[Start of section]
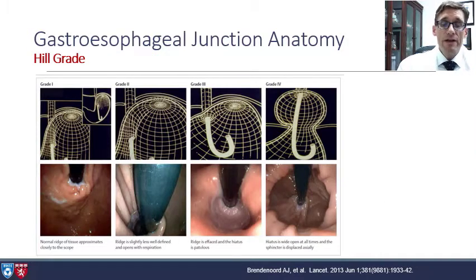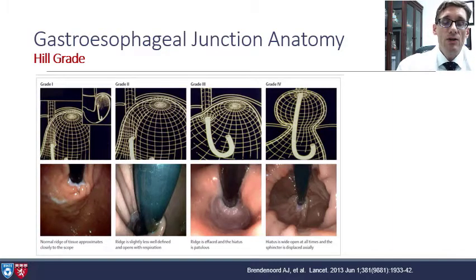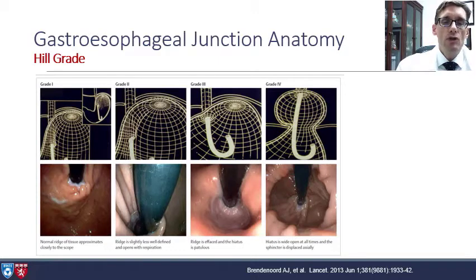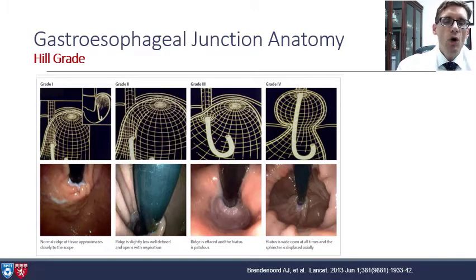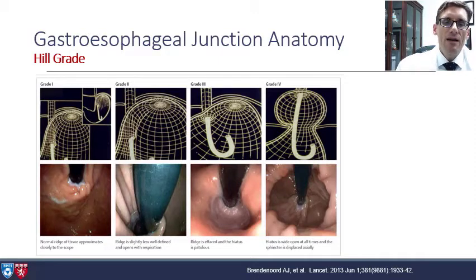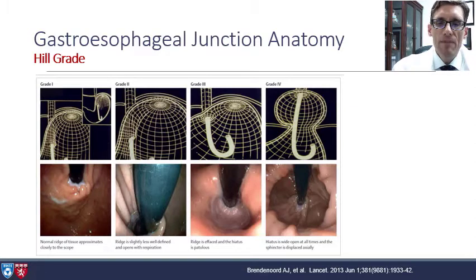Next, we have Hill grade, which is a very important part of the endoscopy examination while looking at the gastroesophageal junction. Hill grade 1 is normal — you have a nice intra-abdominal esophagus and a nice ridge. Hill grade 2, you still have a fairly well-defined ridge, however it starts to open up, especially with respirations. Hill grade 3, you have a complete effacement of that ridge. And Hill grade 4, of course, you have a hiatal hernia that is quite wide.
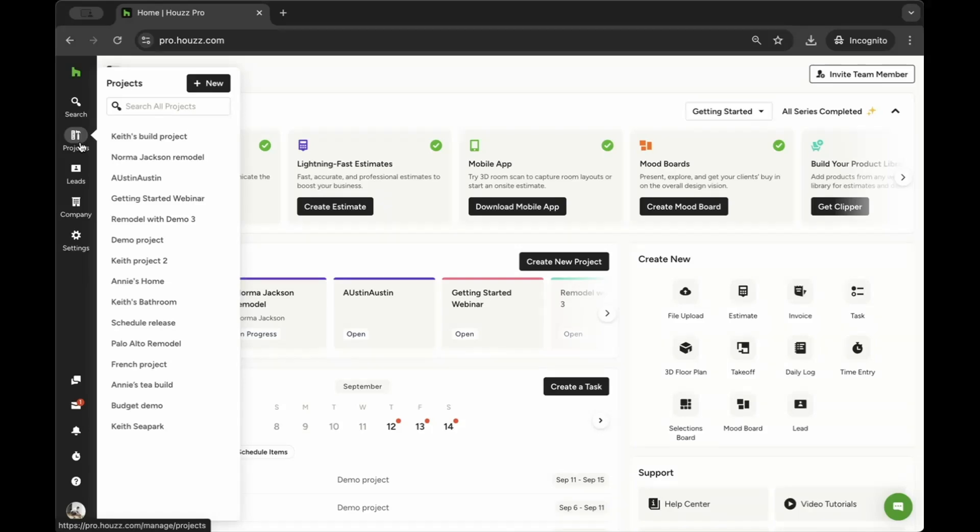Since Team Chat is a project-based feature, you can start a new chat or access an existing chat on the Project Overview page. To start, find the Projects icon in the left navigation, then select the relevant project from the drop-down menu.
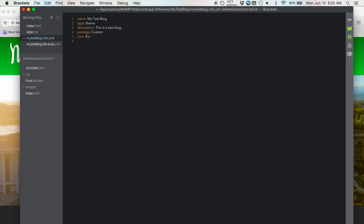Now we're going to type in libraries to link up our CSS and JavaScript files. Under libraries, use two spaces and a dash, then type mytestblog — make sure this matches the name of your info and libraries file exactly, otherwise your libraries won't show up. Then slash style.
[End of section]
Work order: Leaving aside every picture, transcribe exactly the lines that run from the one with "Since Team Chat" to the close of the listing above.

Result:
Since Team Chat is a project-based feature, you can start a new chat or access an existing chat on the Project Overview page. To start, find the Projects icon in the left navigation, then select the relevant project from the drop-down menu.
Now we're going to type in libraries to link up our CSS and JavaScript files. Under libraries, use two spaces and a dash, then type mytestblog — make sure this matches the name of your info and libraries file exactly, otherwise your libraries won't show up. Then slash style.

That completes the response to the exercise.